[Extracted records]:
#####
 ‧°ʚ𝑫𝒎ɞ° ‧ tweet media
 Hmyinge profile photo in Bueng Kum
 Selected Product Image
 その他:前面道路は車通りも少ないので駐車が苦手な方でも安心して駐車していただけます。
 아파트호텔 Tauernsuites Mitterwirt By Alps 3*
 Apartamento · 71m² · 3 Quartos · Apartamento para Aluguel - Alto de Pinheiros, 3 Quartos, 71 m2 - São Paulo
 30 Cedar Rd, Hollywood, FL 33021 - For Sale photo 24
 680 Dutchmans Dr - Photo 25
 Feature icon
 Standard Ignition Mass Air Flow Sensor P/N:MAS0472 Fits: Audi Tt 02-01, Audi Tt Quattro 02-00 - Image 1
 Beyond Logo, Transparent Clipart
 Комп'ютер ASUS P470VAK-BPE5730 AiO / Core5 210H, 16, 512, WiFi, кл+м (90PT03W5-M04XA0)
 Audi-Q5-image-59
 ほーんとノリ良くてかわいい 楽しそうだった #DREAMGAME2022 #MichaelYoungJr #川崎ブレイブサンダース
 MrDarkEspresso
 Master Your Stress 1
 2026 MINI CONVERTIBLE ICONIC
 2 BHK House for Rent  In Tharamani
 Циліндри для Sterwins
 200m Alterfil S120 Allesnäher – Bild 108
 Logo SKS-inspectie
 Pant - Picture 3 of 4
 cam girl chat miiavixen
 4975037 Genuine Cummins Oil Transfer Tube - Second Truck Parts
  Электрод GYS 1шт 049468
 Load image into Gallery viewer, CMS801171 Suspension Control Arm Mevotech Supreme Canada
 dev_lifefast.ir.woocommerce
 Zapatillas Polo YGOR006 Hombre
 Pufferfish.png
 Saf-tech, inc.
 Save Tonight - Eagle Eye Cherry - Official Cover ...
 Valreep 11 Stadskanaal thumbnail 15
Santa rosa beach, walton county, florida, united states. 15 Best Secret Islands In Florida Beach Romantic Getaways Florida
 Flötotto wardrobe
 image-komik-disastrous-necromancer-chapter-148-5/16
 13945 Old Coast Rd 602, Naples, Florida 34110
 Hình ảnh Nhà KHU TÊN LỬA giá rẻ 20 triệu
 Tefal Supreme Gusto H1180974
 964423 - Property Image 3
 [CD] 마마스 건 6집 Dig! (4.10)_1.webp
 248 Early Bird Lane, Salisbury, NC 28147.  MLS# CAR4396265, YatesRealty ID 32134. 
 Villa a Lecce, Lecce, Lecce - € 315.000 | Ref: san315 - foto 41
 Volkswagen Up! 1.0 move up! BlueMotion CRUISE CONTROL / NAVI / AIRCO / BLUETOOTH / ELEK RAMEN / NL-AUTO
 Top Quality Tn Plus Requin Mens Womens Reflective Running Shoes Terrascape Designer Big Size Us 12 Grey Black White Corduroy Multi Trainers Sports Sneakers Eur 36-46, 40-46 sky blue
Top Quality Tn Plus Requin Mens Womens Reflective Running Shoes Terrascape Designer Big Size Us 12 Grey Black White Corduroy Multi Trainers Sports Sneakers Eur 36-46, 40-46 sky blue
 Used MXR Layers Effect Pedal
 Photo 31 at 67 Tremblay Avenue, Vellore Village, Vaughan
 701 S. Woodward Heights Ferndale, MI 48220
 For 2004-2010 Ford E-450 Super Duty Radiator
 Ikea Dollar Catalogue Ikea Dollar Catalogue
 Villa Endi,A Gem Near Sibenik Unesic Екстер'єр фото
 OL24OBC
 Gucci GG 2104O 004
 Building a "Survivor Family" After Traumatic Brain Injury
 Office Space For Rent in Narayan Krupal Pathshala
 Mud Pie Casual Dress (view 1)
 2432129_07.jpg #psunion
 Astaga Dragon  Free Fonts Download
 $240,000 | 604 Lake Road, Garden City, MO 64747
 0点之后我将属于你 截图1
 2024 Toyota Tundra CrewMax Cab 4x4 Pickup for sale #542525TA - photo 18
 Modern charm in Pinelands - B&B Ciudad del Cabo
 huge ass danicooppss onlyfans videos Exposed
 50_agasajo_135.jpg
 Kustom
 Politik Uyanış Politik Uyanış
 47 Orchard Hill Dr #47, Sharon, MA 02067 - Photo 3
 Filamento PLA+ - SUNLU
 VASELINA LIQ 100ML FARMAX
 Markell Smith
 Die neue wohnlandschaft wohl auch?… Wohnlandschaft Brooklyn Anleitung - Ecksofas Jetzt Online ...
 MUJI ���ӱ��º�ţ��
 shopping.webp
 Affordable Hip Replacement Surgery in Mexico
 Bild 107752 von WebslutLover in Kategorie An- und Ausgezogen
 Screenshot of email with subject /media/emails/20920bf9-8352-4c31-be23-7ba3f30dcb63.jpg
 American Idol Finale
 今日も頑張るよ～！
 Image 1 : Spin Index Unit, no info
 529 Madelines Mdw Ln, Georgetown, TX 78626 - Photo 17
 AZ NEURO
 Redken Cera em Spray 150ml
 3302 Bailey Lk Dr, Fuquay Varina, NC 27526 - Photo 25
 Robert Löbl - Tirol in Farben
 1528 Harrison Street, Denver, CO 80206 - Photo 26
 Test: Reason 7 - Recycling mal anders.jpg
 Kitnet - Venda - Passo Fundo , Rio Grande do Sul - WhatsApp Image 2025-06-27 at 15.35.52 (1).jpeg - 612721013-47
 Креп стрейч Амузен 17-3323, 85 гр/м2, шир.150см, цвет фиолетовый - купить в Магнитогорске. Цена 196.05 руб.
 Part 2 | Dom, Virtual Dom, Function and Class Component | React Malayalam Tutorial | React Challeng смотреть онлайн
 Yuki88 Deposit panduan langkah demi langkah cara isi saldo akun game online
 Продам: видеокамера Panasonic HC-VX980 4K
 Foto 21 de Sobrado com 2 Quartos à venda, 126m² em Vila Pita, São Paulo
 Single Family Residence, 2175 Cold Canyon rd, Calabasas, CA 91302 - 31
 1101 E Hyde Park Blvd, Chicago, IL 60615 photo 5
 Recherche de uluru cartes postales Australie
#####
[Directions]:
Would you please repeat exactly the lines above, starting at the line with "American Idol Finale" and stopping at the line with "Kitnet - Venda", both included?

[Response below]:
 American Idol Finale
 今日も頑張るよ～！
 Image 1 : Spin Index Unit, no info
 529 Madelines Mdw Ln, Georgetown, TX 78626 - Photo 17
 AZ NEURO
 Redken Cera em Spray 150ml
 3302 Bailey Lk Dr, Fuquay Varina, NC 27526 - Photo 25
 Robert Löbl - Tirol in Farben
 1528 Harrison Street, Denver, CO 80206 - Photo 26
 Test: Reason 7 - Recycling mal anders.jpg
 Kitnet - Venda - Passo Fundo , Rio Grande do Sul - WhatsApp Image 2025-06-27 at 15.35.52 (1).jpeg - 612721013-47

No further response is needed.